## TASK REQUIREMENTS
From the entries below, reproduce exactly the line containing "in Assorted Colors", the line containing "sea green unstitched", and every line in between, with nothing added.

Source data

# # # # # # #

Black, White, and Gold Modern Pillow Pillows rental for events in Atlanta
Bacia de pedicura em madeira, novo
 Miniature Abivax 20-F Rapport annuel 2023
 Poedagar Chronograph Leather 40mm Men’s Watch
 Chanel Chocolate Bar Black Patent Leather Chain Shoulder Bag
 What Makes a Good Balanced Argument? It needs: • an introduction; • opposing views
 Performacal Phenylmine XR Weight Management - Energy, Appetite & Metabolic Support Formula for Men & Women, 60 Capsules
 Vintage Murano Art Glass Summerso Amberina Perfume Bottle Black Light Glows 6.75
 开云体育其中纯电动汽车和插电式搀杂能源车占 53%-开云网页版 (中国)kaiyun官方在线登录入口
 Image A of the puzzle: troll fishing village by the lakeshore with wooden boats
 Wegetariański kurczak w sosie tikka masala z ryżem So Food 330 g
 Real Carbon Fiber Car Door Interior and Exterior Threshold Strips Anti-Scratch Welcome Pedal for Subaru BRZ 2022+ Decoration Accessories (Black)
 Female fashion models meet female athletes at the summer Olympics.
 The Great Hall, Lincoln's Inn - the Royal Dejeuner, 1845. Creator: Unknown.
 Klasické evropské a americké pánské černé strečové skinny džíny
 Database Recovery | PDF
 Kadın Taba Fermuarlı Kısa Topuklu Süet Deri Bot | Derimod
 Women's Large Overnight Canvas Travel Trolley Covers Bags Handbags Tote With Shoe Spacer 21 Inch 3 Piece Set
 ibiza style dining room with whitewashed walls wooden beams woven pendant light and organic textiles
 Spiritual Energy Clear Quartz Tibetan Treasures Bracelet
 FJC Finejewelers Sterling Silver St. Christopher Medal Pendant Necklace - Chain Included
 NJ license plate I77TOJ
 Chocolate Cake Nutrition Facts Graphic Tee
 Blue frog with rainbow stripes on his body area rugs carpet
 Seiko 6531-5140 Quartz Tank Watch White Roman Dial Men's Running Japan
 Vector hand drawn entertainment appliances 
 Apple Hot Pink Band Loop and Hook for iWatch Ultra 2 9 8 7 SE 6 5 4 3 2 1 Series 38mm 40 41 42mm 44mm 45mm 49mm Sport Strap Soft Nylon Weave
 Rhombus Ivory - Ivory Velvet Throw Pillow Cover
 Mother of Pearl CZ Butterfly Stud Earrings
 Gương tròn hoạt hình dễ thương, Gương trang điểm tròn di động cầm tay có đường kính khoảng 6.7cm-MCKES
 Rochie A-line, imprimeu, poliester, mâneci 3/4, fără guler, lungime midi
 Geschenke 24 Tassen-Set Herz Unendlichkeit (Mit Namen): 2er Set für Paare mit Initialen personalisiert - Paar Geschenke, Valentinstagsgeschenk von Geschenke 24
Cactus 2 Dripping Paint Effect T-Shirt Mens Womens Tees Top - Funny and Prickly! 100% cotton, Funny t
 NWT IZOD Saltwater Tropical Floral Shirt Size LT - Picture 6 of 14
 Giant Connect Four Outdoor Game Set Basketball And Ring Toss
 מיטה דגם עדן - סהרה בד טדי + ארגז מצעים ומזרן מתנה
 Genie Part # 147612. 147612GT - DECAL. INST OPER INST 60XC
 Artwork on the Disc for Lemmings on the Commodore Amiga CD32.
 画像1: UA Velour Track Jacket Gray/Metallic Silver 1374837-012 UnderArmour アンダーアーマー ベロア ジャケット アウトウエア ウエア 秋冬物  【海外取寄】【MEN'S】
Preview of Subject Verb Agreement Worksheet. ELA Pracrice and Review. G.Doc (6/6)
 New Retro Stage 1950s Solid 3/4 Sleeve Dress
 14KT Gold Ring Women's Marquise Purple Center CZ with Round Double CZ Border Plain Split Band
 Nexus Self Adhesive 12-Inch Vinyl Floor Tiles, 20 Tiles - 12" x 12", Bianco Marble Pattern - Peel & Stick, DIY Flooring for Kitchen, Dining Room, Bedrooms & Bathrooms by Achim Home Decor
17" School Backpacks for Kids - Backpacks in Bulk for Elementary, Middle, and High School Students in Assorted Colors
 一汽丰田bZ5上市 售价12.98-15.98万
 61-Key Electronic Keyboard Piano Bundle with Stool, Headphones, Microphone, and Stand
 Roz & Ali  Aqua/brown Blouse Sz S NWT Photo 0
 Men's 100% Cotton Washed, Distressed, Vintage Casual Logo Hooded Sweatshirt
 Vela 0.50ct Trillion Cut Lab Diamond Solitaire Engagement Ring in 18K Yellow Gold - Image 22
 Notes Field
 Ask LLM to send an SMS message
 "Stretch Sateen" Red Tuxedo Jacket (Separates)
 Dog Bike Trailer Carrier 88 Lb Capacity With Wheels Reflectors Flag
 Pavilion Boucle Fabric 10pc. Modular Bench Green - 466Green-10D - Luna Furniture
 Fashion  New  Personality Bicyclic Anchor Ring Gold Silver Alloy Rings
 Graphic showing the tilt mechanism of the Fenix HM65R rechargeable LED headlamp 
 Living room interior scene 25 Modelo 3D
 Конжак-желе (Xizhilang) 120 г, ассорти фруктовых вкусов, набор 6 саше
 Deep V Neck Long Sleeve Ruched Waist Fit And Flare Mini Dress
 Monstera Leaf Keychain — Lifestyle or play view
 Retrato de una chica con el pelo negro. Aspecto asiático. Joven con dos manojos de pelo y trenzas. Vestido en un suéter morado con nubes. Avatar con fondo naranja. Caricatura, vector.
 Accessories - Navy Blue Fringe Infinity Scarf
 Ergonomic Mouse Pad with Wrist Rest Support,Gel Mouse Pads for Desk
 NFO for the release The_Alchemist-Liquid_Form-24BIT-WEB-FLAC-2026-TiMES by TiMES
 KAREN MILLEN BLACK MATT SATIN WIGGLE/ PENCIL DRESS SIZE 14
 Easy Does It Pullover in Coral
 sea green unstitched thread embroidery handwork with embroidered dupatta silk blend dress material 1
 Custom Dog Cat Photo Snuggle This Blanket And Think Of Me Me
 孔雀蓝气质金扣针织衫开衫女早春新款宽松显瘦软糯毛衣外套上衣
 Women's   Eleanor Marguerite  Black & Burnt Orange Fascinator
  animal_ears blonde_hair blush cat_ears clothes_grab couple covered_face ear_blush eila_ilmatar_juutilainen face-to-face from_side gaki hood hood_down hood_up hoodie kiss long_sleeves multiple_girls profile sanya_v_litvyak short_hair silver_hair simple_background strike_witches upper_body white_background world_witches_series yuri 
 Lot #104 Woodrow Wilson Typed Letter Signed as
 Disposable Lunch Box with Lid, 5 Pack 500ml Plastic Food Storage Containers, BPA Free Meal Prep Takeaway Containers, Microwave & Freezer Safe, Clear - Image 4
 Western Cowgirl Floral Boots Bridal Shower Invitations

# # # # # # #

## TASK OUTPUT
17" School Backpacks for Kids - Backpacks in Bulk for Elementary, Middle, and High School Students in Assorted Colors
 一汽丰田bZ5上市 售价12.98-15.98万
 61-Key Electronic Keyboard Piano Bundle with Stool, Headphones, Microphone, and Stand
 Roz & Ali  Aqua/brown Blouse Sz S NWT Photo 0
 Men's 100% Cotton Washed, Distressed, Vintage Casual Logo Hooded Sweatshirt
 Vela 0.50ct Trillion Cut Lab Diamond Solitaire Engagement Ring in 18K Yellow Gold - Image 22
 Notes Field
 Ask LLM to send an SMS message
 "Stretch Sateen" Red Tuxedo Jacket (Separates)
 Dog Bike Trailer Carrier 88 Lb Capacity With Wheels Reflectors Flag
 Pavilion Boucle Fabric 10pc. Modular Bench Green - 466Green-10D - Luna Furniture
 Fashion  New  Personality Bicyclic Anchor Ring Gold Silver Alloy Rings
 Graphic showing the tilt mechanism of the Fenix HM65R rechargeable LED headlamp 
 Living room interior scene 25 Modelo 3D
 Конжак-желе (Xizhilang) 120 г, ассорти фруктовых вкусов, набор 6 саше
 Deep V Neck Long Sleeve Ruched Waist Fit And Flare Mini Dress
 Monstera Leaf Keychain — Lifestyle or play view
 Retrato de una chica con el pelo negro. Aspecto asiático. Joven con dos manojos de pelo y trenzas. Vestido en un suéter morado con nubes. Avatar con fondo naranja. Caricatura, vector.
 Accessories - Navy Blue Fringe Infinity Scarf
 Ergonomic Mouse Pad with Wrist Rest Support,Gel Mouse Pads for Desk
 NFO for the release The_Alchemist-Liquid_Form-24BIT-WEB-FLAC-2026-TiMES by TiMES
 KAREN MILLEN BLACK MATT SATIN WIGGLE/ PENCIL DRESS SIZE 14
 Easy Does It Pullover in Coral
 sea green unstitched thread embroidery handwork with embroidered dupatta silk blend dress material 1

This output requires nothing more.